Fig. 10. TCR signaling is not involved with TIGIT-mediated T-cell suppression.

a CD4⁺ T cells isolated from Tigit^+/+ or Tigit^−/− mice were stimulated with αCD3/CD28 for 3 d. IKKα, IKKβ, p-IκBα, IκBα, p-p65, and p65 expression were quantified by western blot. Data from six biologically independent replicates. b, c CD4⁺ T cells from Tigit^+/+ or Tigit^−/− mice were stimulated with PMA + PHA or OKT3 + PMA for 48 h.

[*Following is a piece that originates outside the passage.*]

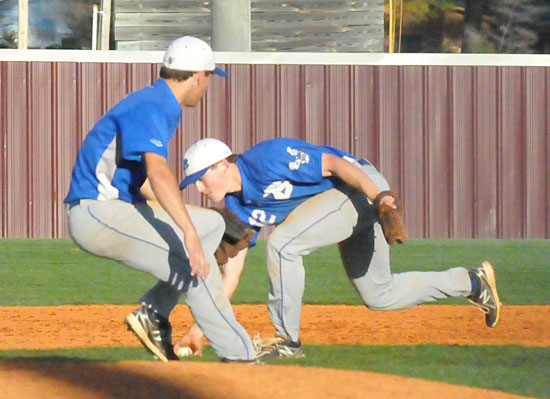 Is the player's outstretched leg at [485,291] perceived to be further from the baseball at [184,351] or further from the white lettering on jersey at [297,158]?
the baseball at [184,351]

CD44, CD69, and CD25 expression was measured by flow cytometry. Data from five biologically independent replicates. d, e CD4⁺ T cells isolated from Tigit^+/+ or Tigit^−/− mice were labeled with CFSE and stimulated with PMA + PHA or OKT3 + PMA for 3 d. T-cell proliferation was measured by flow cytometry. Data from six biologically independent replicates. f–j CD4⁺ T cells from Tigit^+/+ or Tigit^−/− mice were stimulated with anti-CD3 alone (αCD3) or anti-CD3 plus anti-CD28 (αCD3/CD28) for 3 d. f–h CD4⁺ T cells were labeled with CFSE, and cell proliferation was assessed by flow cytometry. I, j IL-2 expression was assessed by flow cytometry. Representative histograms were shown. Data from five biologically independent replicates. All data are mean ± SEM. Statistics were done by two-way ANOVA followed by adjustments for multiple comparisons.